As I become more and more engrossed in researching the 153 Squadron posts covering Dads last few months of WWII I come upon the stark reality of loss of life. I'm trying to understand how these men managed to come to terms with the fear that must have been part and parcel of daily life then. To be honest, living as I do in an age where danger isn't part of my existence, I've been struggling to understand how anyone could cope with having to face prolonged fear, and I mean fear, not the anxiety that's the closest I can find to relate to it from my place down the years, cloaked in modern comforts and affectations, protected by nurture, education and lack of experience.
I'll never forget the first time I walked right up to the end of a Lancaster, past the twin dorsal fins and with Dads rear gun turret coming properly into view. I remember that frisson of boyish excitement, the pull of an adults curiosity and a very acute personal sense of sadness and regret that I was doing this without him beside me to ask the questions that would obviously come up. The ground crew - now I know to call them 'erks' - working on 'Just Jane' at East Kirkby Air Museum had waved me over the barriers on request that quiet afternoon and had simply returned to their work, leaving me to it with a plea to 'scarper sharpish' if anyone else came in as they weren't strictly supposed to let the public get so close. "It's the only way to see the tail gunners position though so come on in." Just a middle aged man with a camera and a story of a relative who flew in these planes long ago.
'Just Jane' East Kirby's iconic Lancaster.
For them, just another day.

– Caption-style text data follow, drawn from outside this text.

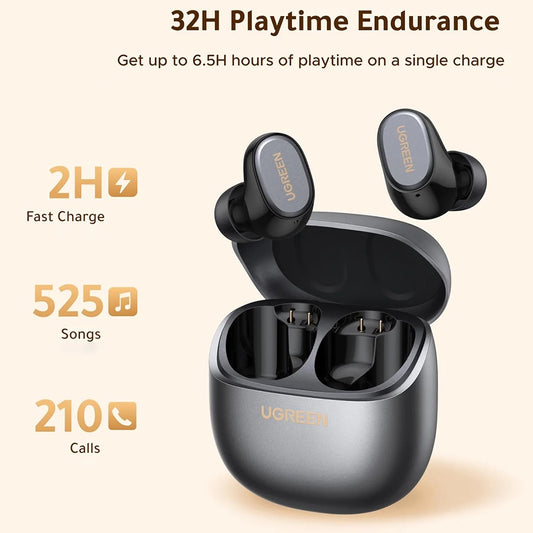 UGREEN Dots Bluetooth kihangosító (75627), TWS, MultiPoint, Fehér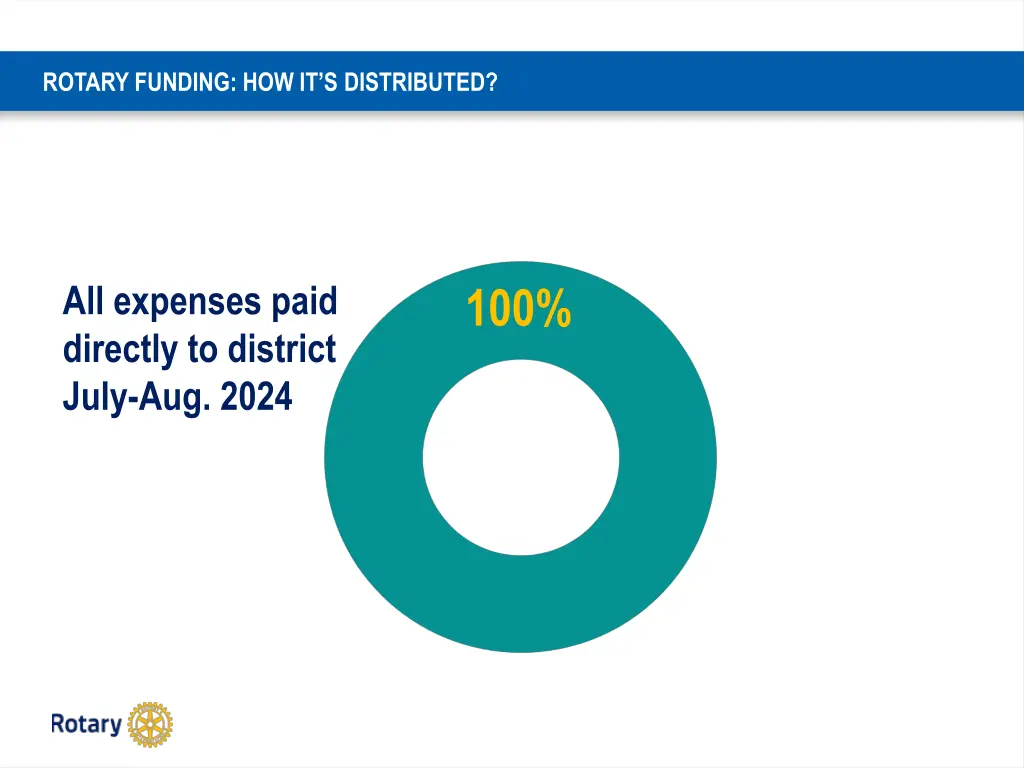 rotary funding how it s distributed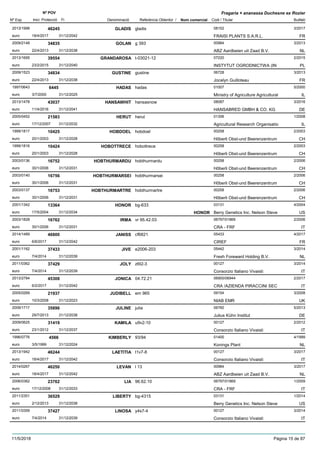 DenominacióNº Exp. Nom comercial Codi / Titular Butlletí
Nº POV
Inici Protecció Fi Referència Obtentor /
Fragaria × ananassa Duchesne ex Rozier
GLADIS2013/1998 gladis 08152
FRAISI PLANTS S.A.R.L.euro
3/201746245
18/4/2017 FR31/12/2042
GOLAN2009/2148 g 393 00984
ABZ Aardbeien uit Zaad B.V.euro
3/201334835
22/4/2013 NL31/12/2038
GRANDAROSA2013/1695 t-03021-12 07220
INSTYTUT OGRODNICTWA (INeuro
2/201539554
23/2/2015 PL31/12/2040
GUSTINE2009/1523 gustine 06728
Jocelyn Guilloteaueuro
3/201334834
22/4/2013 FR31/12/2038
HADAS1997/0643 hadas 01007
Ministry of Agriculture Agriculturaleuro
5/20006445
3/7/2000 IL31/12/2025
HANSAWHIT2013/1478 hansasnow 08087
HANSABRED GMBH & CO. KGeuro
3/201643037
11/4/2016 DE31/12/2041
HERUT2005/0452 herut 01306
Agricultural Research Organisatioeuro
1/200821583
17/12/2007 IL31/12/2032
HOBDOEL1999/1817 hobdoel 00258
Hõberli Obst-und Beerenzentrumeuro
2/200310425
20/1/2003 CH31/12/2028
HOBOTTRECE1999/1816 hobottrece 00258
Hõberli Obst-und Beerenzentrumeuro
2/200310424
20/1/2003 CH31/12/2028
HOBTHURMARDU2003/0136 hobthurmardu 00258
Hõberli Obst-und Beerenzentrumeuro
2/200616752
30/1/2006 CH31/12/2031
HOBTHURMARSEI2003/0140 hobthurmarsei 00258
Hõberli Obst-und Beerenzentrumeuro
2/200616756
30/1/2006 CH31/12/2031
HOBTHURMARTRE2003/0137 hobthurmartre 00258
Hõberli Obst-und Beerenzentrumeuro
2/200616753
30/1/2006 CH31/12/2031
HONOR2001/1342 bg-633 03131
Berry Genetics Inc. Nelson Steveeuro
4/200413364
17/5/2004 HONOR US31/12/2034
IRMA2003/1828 vr 95.42.03 06797/01869
CRA - FRFeuro
2/200616762
30/1/2006 IT31/12/2031
JANISS2014/1489 cf6821 05433
CIREFeuro
4/201746800
6/6/2017 FR31/12/2042
JIVE2001/1162 e2006-203 05442
Fresh Foreward Holding B.V.euro
3/201437433
7/4/2014 NL31/12/2039
JOLY2011/0362 z6t2-3 00127
Consorzio Italiano Vivaistieuro
3/201437429
7/4/2014 IT31/12/2039
JONICA2013/2784 04.72.21 06900/06944
CRA /AZIENDA PIRACCINI SECeuro
2/201745308
6/2/2017 IT31/12/2042
JUDIBELL2005/0269 em 965 09154
NIAB EMReuro
3/200821937
10/3/2008 UK31/12/2023
JULINE2009/1717 julia 06760
Julius Kühn Instituteuro
5/201335896
29/7/2013 DE31/12/2038
KAMILA2009/0625 u9v2-10 00127
Consorzio Italiano Vivaistieuro
2/201231419
23/1/2012 IT31/12/2037
KIMBERLY1996/0776 93/94 01400
Konings Planteuro
4/19994566
3/5/1999 NL31/12/2024
LAETITIA2013/1942 t1v7-8 00127
Consorzio Italiano Vivaistieuro
3/201746244
18/4/2017 IT31/12/2042
LEVAN2014/0267 l 13 00984
ABZ Aardbeien uit Zaad B.V.euro
3/201746250
18/4/2017 NL31/12/2042
LIA2006/0362 96.62.10 06797/01869
CRA - FRFeuro
1/200923762
17/12/2008 IT31/12/2033
LIBERTY2011/2351 bg-4315 03131
Berry Genetics Inc. Nelson Steveeuro
1/201436529
2/12/2013 US31/12/2038
LINOSA2011/0359 y4s7-4 00127
Consorzio Italiano Vivaistieuro
3/201437427
7/4/2014 IT31/12/2039
11/5/2018 Pàgina 15 de 87
 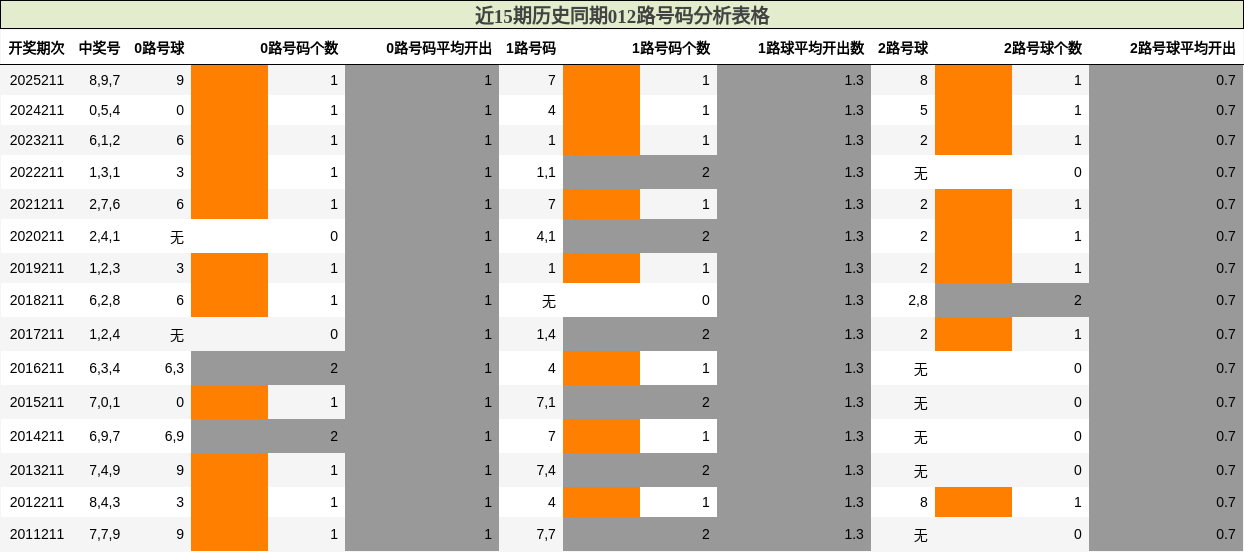 012路号码分析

For me something quite different.
I approached the Lancaster from the front. I knew what one looked like, its iconic image had been welded into my little-boy-long-ago fantasies of 'playing war' from a hundred half remembered films and books. {Though I didn't know then my Dad had been part of the story.} The reality of getting close to one was different. Clearly from an older age, it reared up, enormous, solidly propped on its front wheels, wings stretched wide across my view, holding out four huge engines, three propeller blades like swords 'en-garde' to protect each one. Above me, the perspex panel of the bomb-aimers position stared back blank and dispassionate, inviting neither respect or approbation, a mute witness to sights untold. Higher still the two guns of the front turret pointed gently upwards and beyond, the bubble of the pilots canopy sat high off the ground. The gaping belly of the aircraft was shown to me with the same message a scorpion gives when it lifts its tail overhead. 'Stay away. I mean business.' Today though, with its bomb bay open and a trolley of tools underneath, any threat was moot and faded, gone to the vets. I passed slowly, curiously, under the wing and down the flank, sentimentally running two fingers down its skin, noticing the flush rivets holding the dark metal together, on below the turret of the mid upper gunner poking up above me and past the stark metal ladder and the dark opening that let crewmen enter their frightening world. I noticed for the first time the reality that while Dad would have turned left, climbing over the internal spar of the tail to reach his place, the others would all have turned right.
My walk to, and then along the side of this plane had turned it from icon to reality. I could feel the strength and undeniable presence of its bulk, could smell the tyres and the oil from the engines. Rubber, heat and old smoke. It gleamed pristine in a way that something 70 years old shouldn't do. It said, "I am still here. I am still ready." Every angle and plane gleamed, light reflected and shadow highlighted detail not normally seen; door handle; engine port access points; suspension struts; hydraulic pipes; exhausts long coloured with an engines heat. I stopped and looked back along the side and up over the starboard wing and saw its shape created to catch the lift, minimise the drag, to carry the weight of a full bomb load, the cowling over an engine hunched still with power yearning to be released. An old athlete still on the blocks.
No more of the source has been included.